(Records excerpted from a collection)
———

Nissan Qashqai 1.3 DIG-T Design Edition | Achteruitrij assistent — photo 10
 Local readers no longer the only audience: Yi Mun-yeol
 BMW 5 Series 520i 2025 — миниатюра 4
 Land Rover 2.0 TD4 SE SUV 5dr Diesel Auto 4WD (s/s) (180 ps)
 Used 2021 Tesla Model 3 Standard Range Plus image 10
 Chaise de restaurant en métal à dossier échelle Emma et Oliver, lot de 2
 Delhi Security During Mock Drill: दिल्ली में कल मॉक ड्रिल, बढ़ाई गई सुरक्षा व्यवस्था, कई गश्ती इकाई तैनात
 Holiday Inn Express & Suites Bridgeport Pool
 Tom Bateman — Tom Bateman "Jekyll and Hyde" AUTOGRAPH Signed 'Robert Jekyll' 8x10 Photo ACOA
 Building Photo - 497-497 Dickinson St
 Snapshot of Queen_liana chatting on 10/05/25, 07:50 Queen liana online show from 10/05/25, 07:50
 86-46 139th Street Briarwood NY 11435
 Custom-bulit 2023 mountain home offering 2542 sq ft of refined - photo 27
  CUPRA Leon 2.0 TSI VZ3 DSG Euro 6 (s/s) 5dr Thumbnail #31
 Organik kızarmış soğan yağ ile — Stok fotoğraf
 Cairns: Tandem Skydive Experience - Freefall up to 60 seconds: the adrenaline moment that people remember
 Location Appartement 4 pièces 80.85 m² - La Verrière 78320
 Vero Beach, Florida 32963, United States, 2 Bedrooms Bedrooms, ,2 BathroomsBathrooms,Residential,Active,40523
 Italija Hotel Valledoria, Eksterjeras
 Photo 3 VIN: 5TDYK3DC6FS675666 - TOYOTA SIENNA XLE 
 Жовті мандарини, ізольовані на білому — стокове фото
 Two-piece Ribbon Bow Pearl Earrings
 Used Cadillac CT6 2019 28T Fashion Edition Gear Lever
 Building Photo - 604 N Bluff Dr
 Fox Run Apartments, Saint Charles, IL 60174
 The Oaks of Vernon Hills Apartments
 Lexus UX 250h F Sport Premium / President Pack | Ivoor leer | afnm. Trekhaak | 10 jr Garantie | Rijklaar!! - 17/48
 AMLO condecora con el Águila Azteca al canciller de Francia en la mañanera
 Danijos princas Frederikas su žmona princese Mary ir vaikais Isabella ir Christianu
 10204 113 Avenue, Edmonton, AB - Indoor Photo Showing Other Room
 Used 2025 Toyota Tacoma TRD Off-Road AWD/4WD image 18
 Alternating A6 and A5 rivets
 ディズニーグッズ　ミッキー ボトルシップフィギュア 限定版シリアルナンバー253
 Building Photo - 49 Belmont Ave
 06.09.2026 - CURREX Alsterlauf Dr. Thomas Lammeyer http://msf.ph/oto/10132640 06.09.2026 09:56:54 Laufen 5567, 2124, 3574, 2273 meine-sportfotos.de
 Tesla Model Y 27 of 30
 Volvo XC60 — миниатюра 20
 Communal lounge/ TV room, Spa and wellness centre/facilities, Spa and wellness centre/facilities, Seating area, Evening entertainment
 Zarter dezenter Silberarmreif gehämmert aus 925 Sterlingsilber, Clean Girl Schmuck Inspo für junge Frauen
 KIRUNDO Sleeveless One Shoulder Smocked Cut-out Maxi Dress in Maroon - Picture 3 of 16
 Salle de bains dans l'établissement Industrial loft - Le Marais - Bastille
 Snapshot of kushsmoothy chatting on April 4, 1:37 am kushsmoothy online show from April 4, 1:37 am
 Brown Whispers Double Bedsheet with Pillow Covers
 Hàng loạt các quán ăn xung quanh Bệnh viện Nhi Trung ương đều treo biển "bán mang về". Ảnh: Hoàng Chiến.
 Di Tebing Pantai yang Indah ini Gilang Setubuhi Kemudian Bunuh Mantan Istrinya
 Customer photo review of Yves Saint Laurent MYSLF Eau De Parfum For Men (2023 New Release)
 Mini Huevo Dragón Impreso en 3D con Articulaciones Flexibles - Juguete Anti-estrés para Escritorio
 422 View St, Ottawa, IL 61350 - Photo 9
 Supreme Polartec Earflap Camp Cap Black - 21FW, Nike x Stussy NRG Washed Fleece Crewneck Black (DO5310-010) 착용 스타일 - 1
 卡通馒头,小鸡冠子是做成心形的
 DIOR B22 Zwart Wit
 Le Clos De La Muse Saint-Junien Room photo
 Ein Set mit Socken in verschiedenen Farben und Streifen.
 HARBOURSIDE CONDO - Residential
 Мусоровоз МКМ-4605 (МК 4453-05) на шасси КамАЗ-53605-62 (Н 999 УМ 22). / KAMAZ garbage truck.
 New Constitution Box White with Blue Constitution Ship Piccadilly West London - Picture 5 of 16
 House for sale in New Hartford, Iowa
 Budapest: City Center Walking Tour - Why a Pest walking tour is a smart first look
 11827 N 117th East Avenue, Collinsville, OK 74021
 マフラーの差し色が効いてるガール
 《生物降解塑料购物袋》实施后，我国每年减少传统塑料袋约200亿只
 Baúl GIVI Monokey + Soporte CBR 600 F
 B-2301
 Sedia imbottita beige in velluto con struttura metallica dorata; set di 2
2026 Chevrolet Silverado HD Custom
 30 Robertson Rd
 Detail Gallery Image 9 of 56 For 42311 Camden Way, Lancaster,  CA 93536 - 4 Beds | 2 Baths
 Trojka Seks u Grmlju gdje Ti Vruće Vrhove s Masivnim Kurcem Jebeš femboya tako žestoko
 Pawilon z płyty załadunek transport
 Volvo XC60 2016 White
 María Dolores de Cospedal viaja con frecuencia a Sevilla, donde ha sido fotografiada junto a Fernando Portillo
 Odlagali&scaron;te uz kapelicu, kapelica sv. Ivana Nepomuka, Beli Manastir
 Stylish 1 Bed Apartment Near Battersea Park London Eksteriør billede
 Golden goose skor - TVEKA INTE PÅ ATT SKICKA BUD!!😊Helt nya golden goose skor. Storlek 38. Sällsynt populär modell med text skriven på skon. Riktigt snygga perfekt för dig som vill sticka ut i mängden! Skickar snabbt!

———

■ EXERCISE PROMPT:
Across the data, find each line that has "chatting" in it and copy that line.

■ EXERCISE SOLUTION:
 Snapshot of Queen_liana chatting on 10/05/25, 07:50 Queen liana online show from 10/05/25, 07:50
 Snapshot of kushsmoothy chatting on April 4, 1:37 am kushsmoothy online show from April 4, 1:37 am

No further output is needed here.